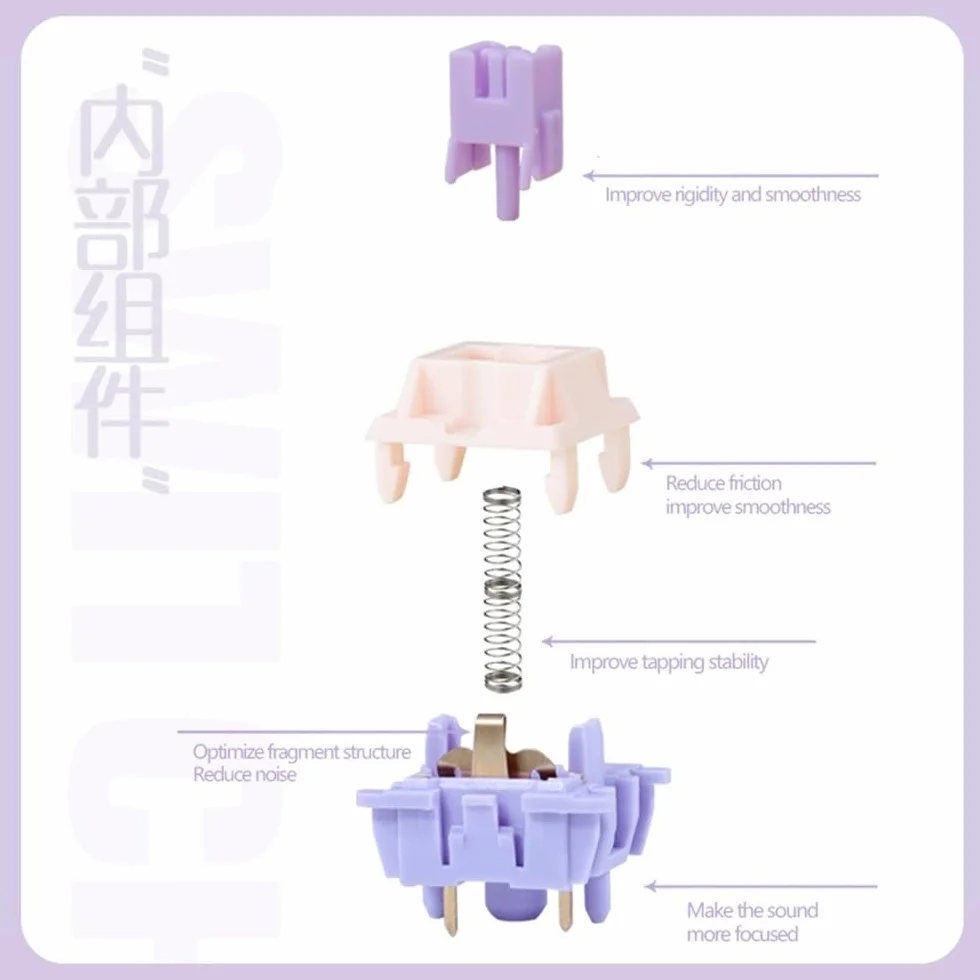 MMD Princess V3 Switch 5Pin Pre-lubed Linear Tactile Holy Panda For Custom Mechanical Keyboard 70PCS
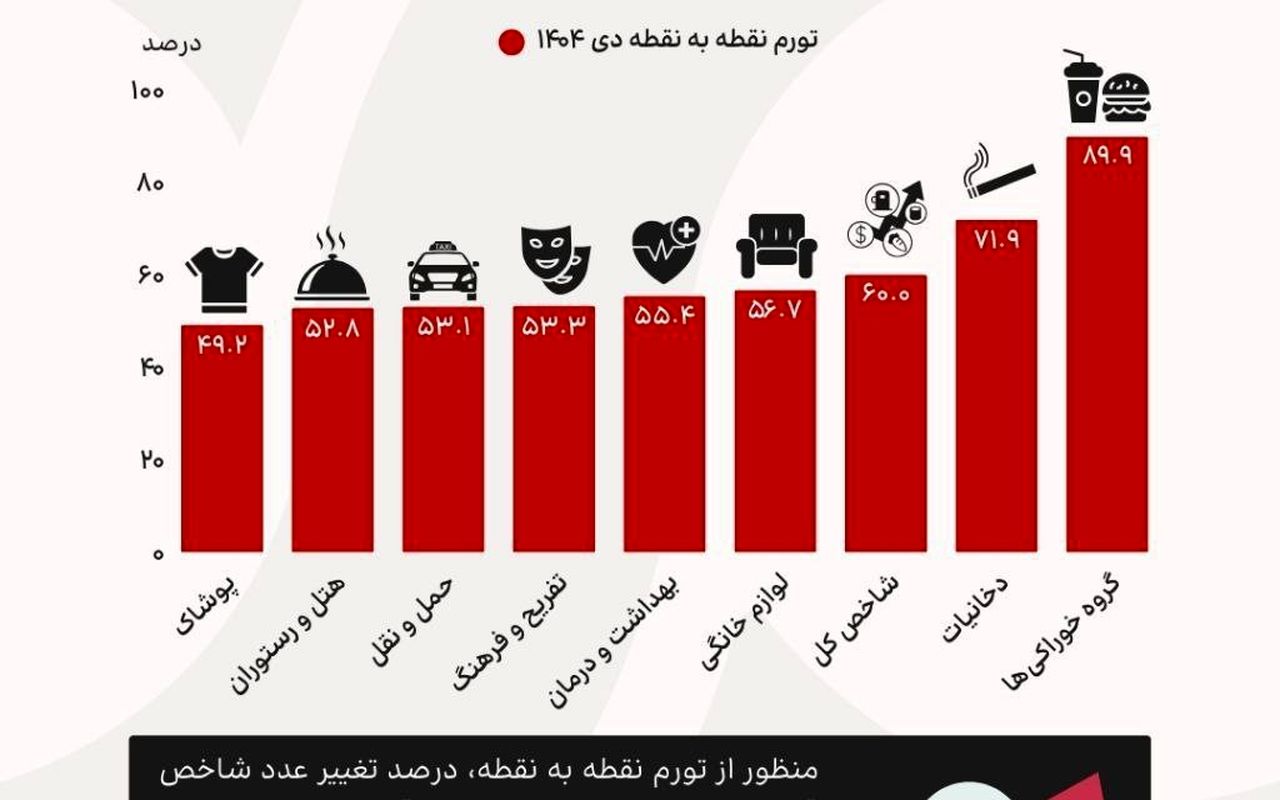 تورم ۹۰ درصدی خوراکی‌ها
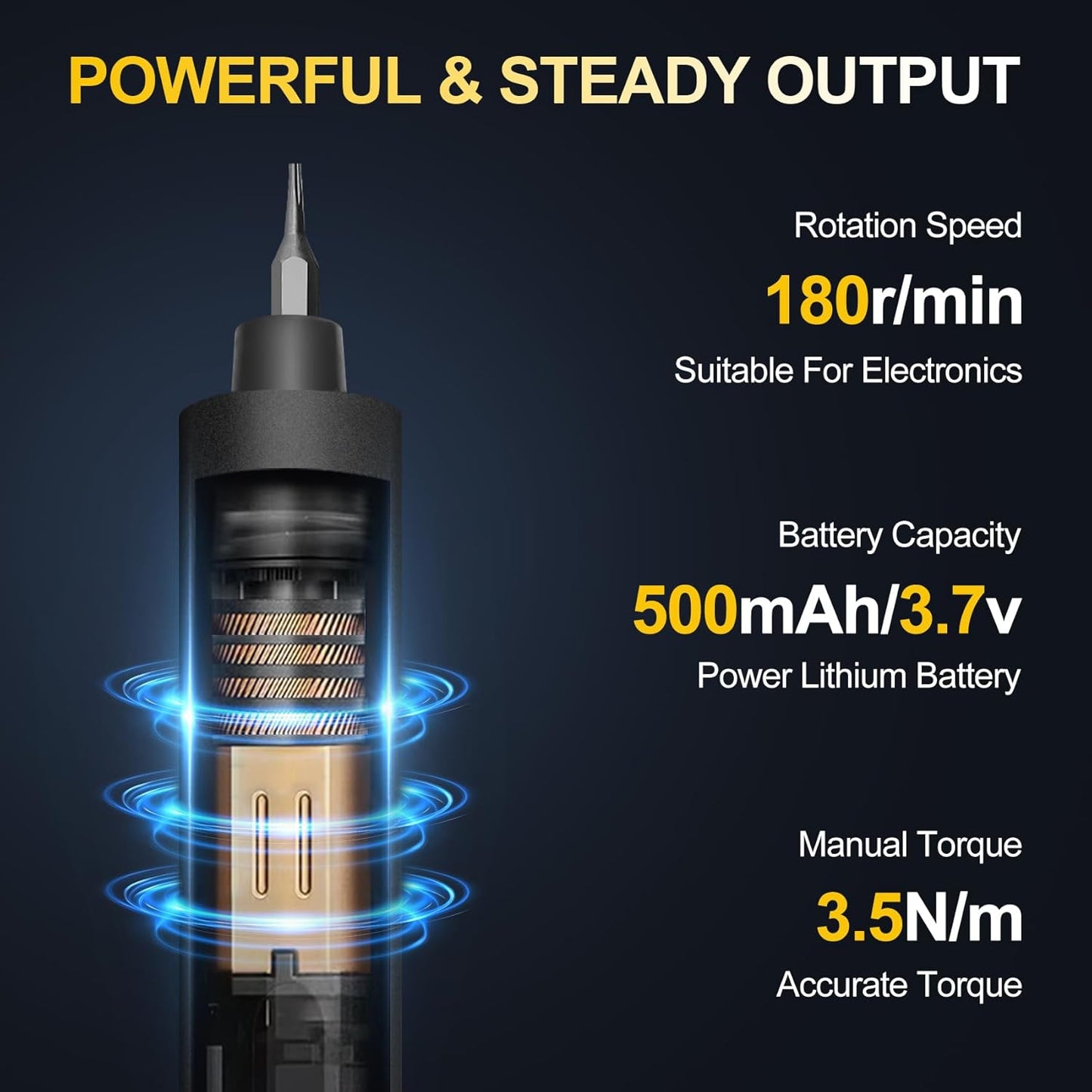 3.7V Precision Electric Screwdriver Set,76 IN 1 Magnetic Storage Mini Electric Screwdriver Cordless Set with LED Display,5 Torque Settings Repair Tool Kit for Electronics Phone Camera Laptop Watch
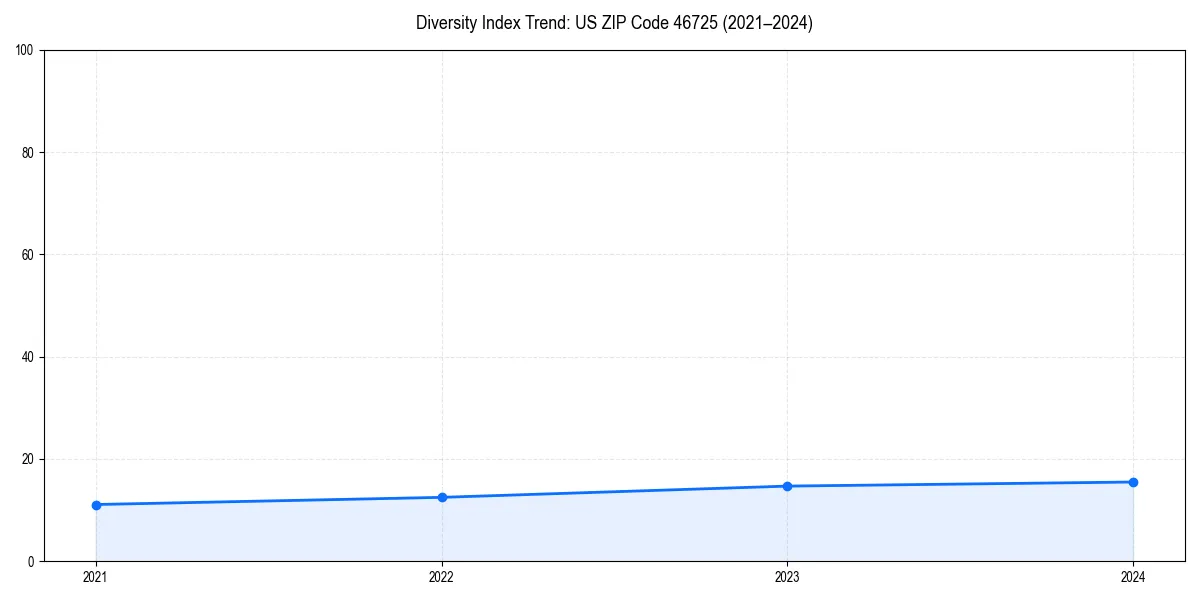 Line chart showing diversity index trends for 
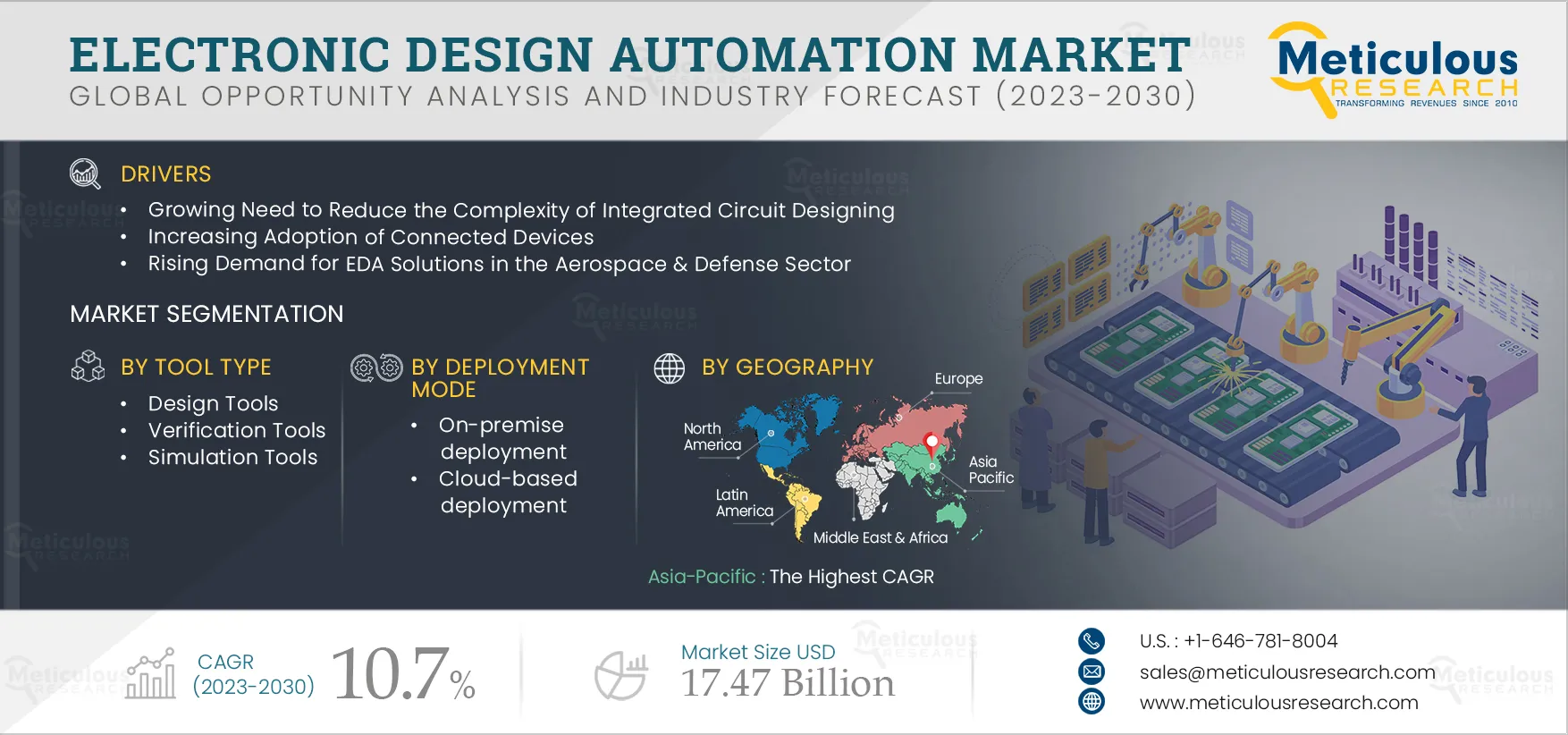 Electronic Design Automation Market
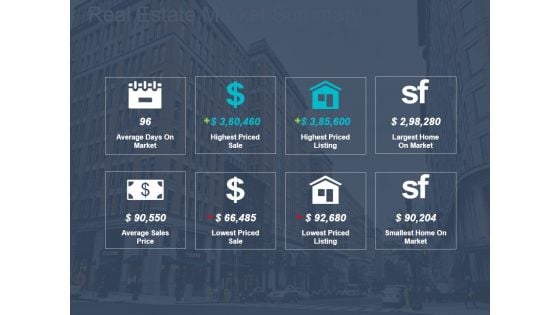 Real Estate Market Summary Ppt PowerPoint Presentation Outline Graphics Pictures Real Estate Market Summary Ppt PowerPoint Presentation Outline Graphics Pictures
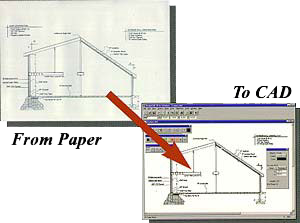 CAD Drawing Conversions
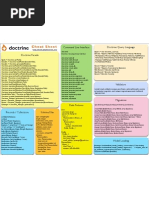 Download Doctrine Cheat Sheet by freebolik SN4546746 doc pdf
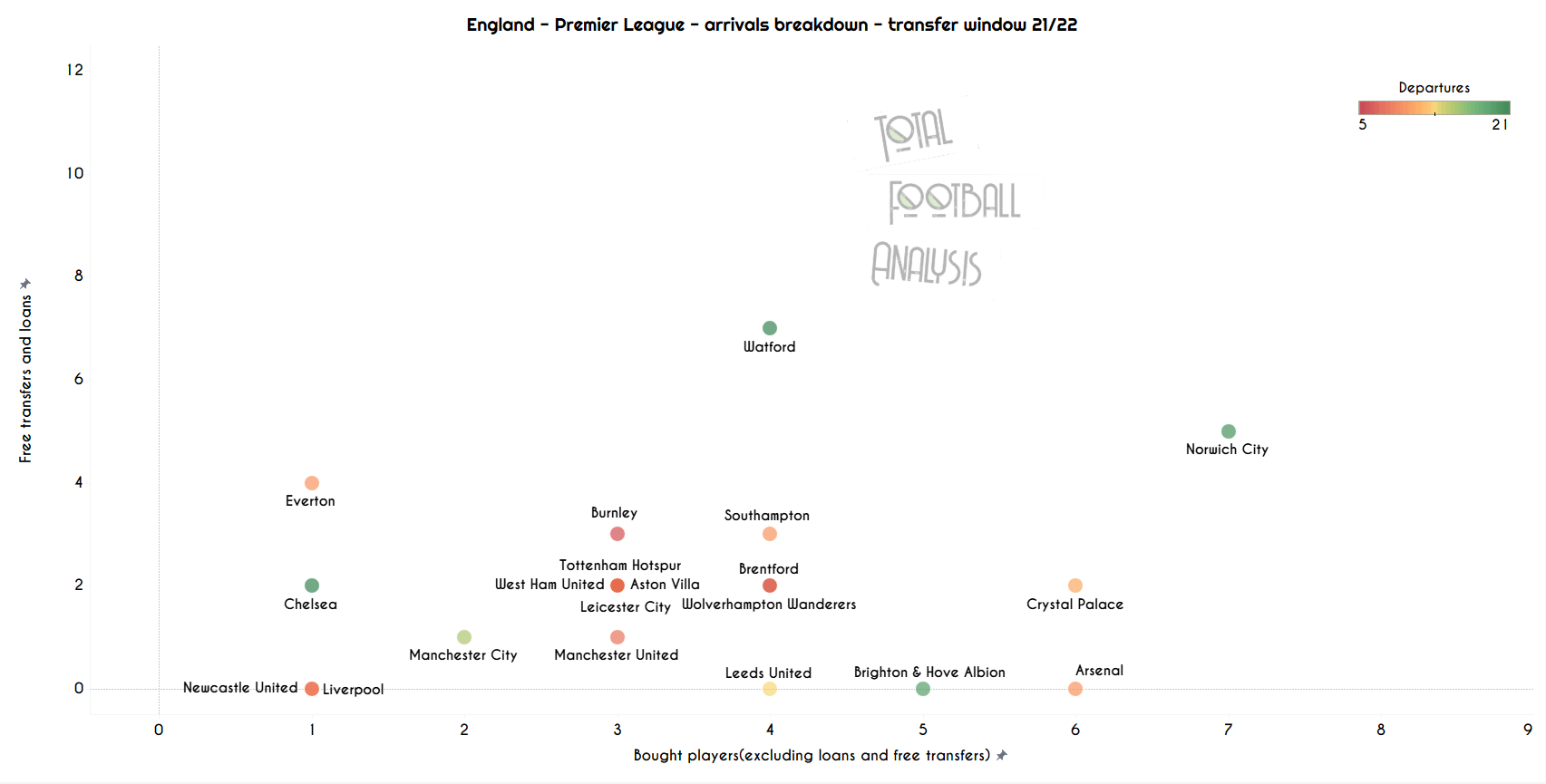 Data Analysis: Top 5 leagues summer transfer window overview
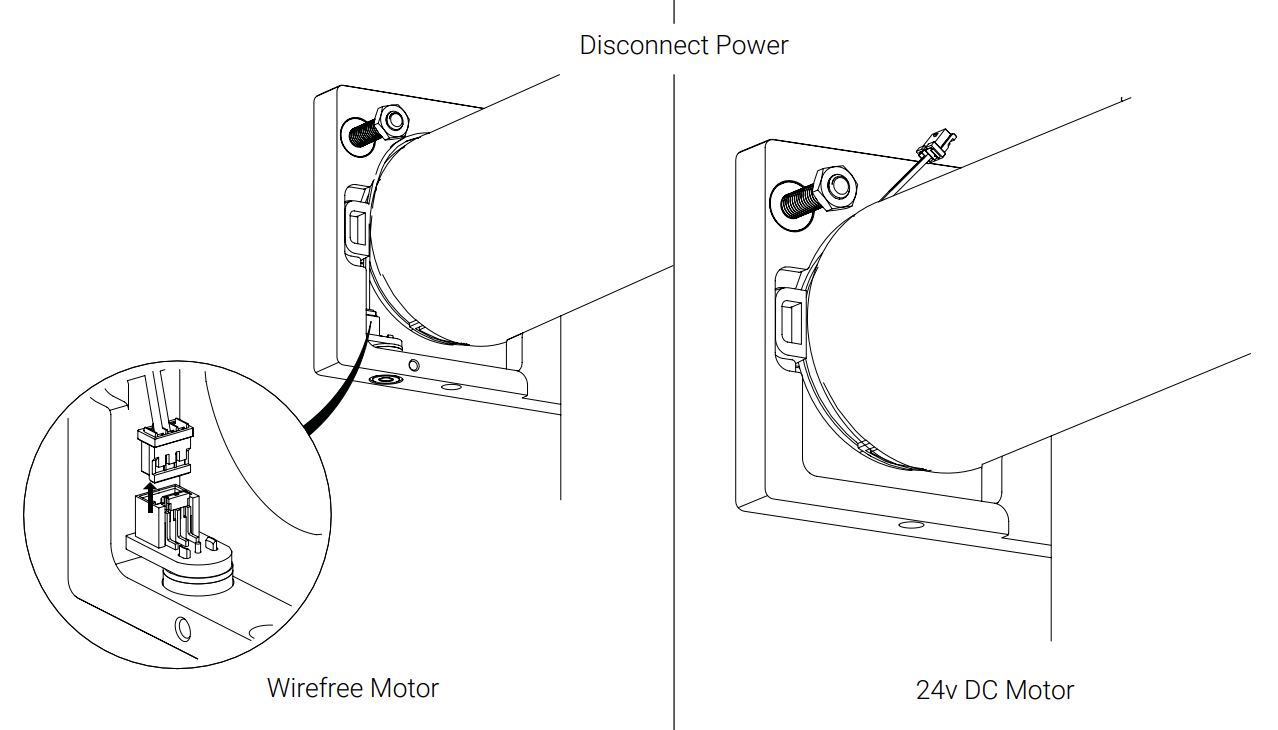 Disconnect power step showing Wirefree Motor connector closeup and 24v DC Motor cable unplugged from mounted shade brackets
++++++++
* _Task item_: In the copy, no pictures should appear; the records themselves must be repeated exactly.

* _Exercise solution_:
 MMD Princess V3 Switch 5Pin Pre-lubed Linear Tactile Holy Panda For Custom Mechanical Keyboard 70PCS
 تورم ۹۰ درصدی خوراکی‌ها
 3.7V Precision Electric Screwdriver Set,76 IN 1 Magnetic Storage Mini Electric Screwdriver Cordless Set with LED Display,5 Torque Settings Repair Tool Kit for Electronics Phone Camera Laptop Watch
 Line chart showing diversity index trends for 
 Electronic Design Automation Market
 Real Estate Market Summary Ppt PowerPoint Presentation Outline Graphics Pictures Real Estate Market Summary Ppt PowerPoint Presentation Outline Graphics Pictures
 CAD Drawing Conversions
 Download Doctrine Cheat Sheet by freebolik SN4546746 doc pdf
 Data Analysis: Top 5 leagues summer transfer window overview
 Disconnect power step showing Wirefree Motor connector closeup and 24v DC Motor cable unplugged from mounted shade brackets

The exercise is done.